REVIEW: Phil Gordon's Little Green Book of Poker

Though he'd finished fourth in the 2001 WSOP Main Event, 3rd in the 2002 WSOP Pot-Limit Omaha Event, and won the 2004 Bay 101 Shooting Stars event,  most poker aficionados know Phil Gordon as the co-host of Bravo's Celebrity Poker Showdown.

Phil is the rare combination of brilliant expert and gifted teacher, and his commentary on Celebrity Poker Showdown made what could have been a laughable donkfest into a valuable learning experience for just about every person who watched it. Now that he's off the show, I'll be surprised if it will be very watchable.

During the 2005 WPT Championship at Bellagio, I had the great fortune of spending some time with Phil -- not at the same table, thank gods -- and he really helped me a lot. Before I knew the concept of M and Q, Phil helped me get a basic understanding of where I should be and how desperate (or not) I should be to accumulate chips, by talking with me during every break. I'm sure I was a stupid noob quasi-tourist with retarded questions, but Phil never once made me feel like I was some jerk bothering him while he was in an important tourney (and let's face it, of the two of us he's the guy with a real chance at winning the thing.)

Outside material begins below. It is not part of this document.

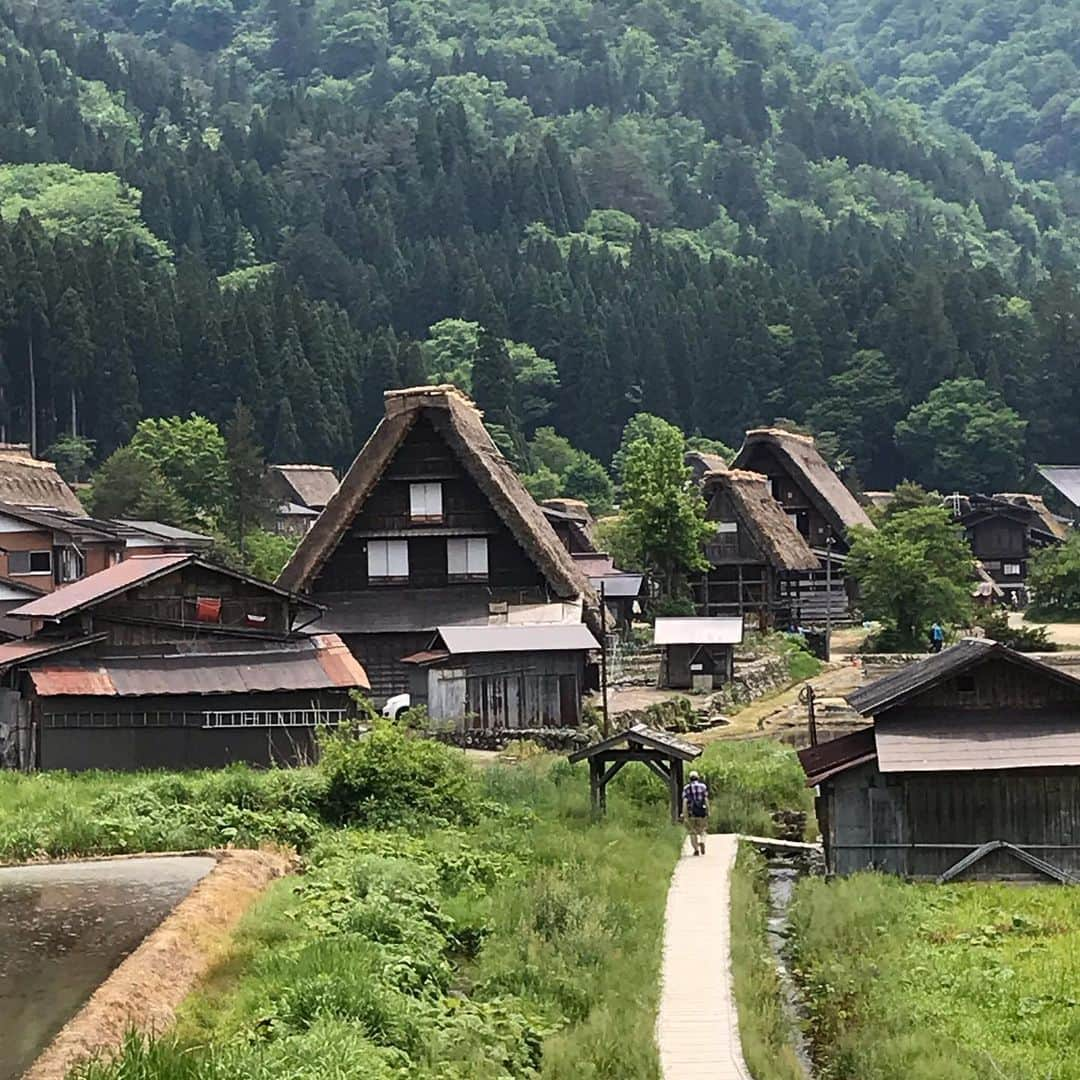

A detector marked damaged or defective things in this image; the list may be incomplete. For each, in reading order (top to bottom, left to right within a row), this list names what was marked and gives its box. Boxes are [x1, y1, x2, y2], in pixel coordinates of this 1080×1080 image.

rusty metal roof [28, 630, 367, 699]
rusty metal roof [432, 622, 600, 652]
rusty metal roof [652, 622, 747, 643]
rusty metal roof [881, 712, 1080, 773]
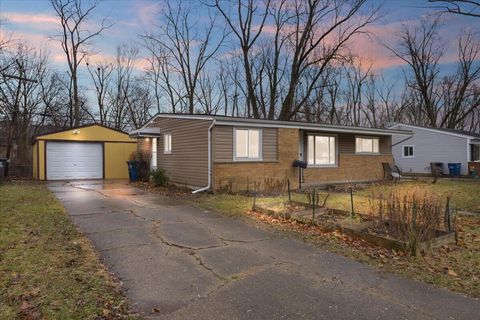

We had dinner together at the end of the first day, and Phil gave me a bit of a lesson while we ate. When we were done, he told me that he was working on a little book that would compile lots of useful information from existing works by Caro and Sklansky, filtered through and expanded upon by Phil's personal experience. He was particularly excited about the tournament chapter, and all the math he'd done to figure out very reliably how often players needed to steal blinds, and make moves to survive into the deeper levels of play. He graciously offered to e-mail me a copy of the manuscript so I could read it over later that night, and it significantly helped my game.

The book, of course, became Phil Gordon's Little Green Book: Lessons and Teachings in No Limit Texas Hold'em. It's not surprising that he wrote a book that was useful and helpful -- after all, he's one of the greats -- but the true hallmark of a poker book, in my opinion, is how useful it is to me as my game grows and develops. There are books like Caro's Fundamentals to Winning Poker that were great when I was learning, but aren't very useful now, and there are books like Theory of Poker that I may as well have been written in hieroglyphics when I was starting out, but are frequently reviewed these days. Phil's book is rare indeed: it remains relevant and helpful as your skill level increases. It will reinforce your good plays, and help you make fewer bad ones, and since it's literally a little book, it's easy to toss into your bag and keep close by for quick reference when you're fadin' the white line, Tex.

Phil starts out with Poker Truths, which even experienced players should know but occasionally forget, and then moves on to play pre-flop, and on the flop, turn, and river. He discusses strategies for playing when you flop certain hands and a scare card comes on the turn, and how to get maximum value from big hands on the river. He's got a chapter on tells that is admittedly cribbed from Caro, but includes personal anecdotes from Phil's playing experience that made me feel like I was sitting in the buffet at Bellagio with him when I read it.

If you've learned from Harrington, you're going to love the tournament chapter, because it's an invaluable and concise reference. If you only know Harrington as that guy who final tabled back to back at the WSOP, Phil's tourney chapter is  a fantastic introduction to vital winning strategies that even I could understand a year ago when I was just starting out in the live tourney world.

Before wrapping up with some entertaining player profiles, charts, and suggestions for further reading, Phil tackles two aspects of the game that a lot of players find very challenging: math and psychology. It's easy to understand, and makes some intimidating aspects of the game, like figuring out implied odds, courting outs, and understanding the psychology behind playing tight and weak opponents, and making the big laydown very accessible.

Phil's Little Green Book is valuable for any player, regardless of their skill level. Of course, if you're still trying to figure out if a flush beats a straight, it's not going to help you that much . . . but if you have a grasp of the fundamentals, this book will add a great deal of value to  your game now, and in the future as your game improves.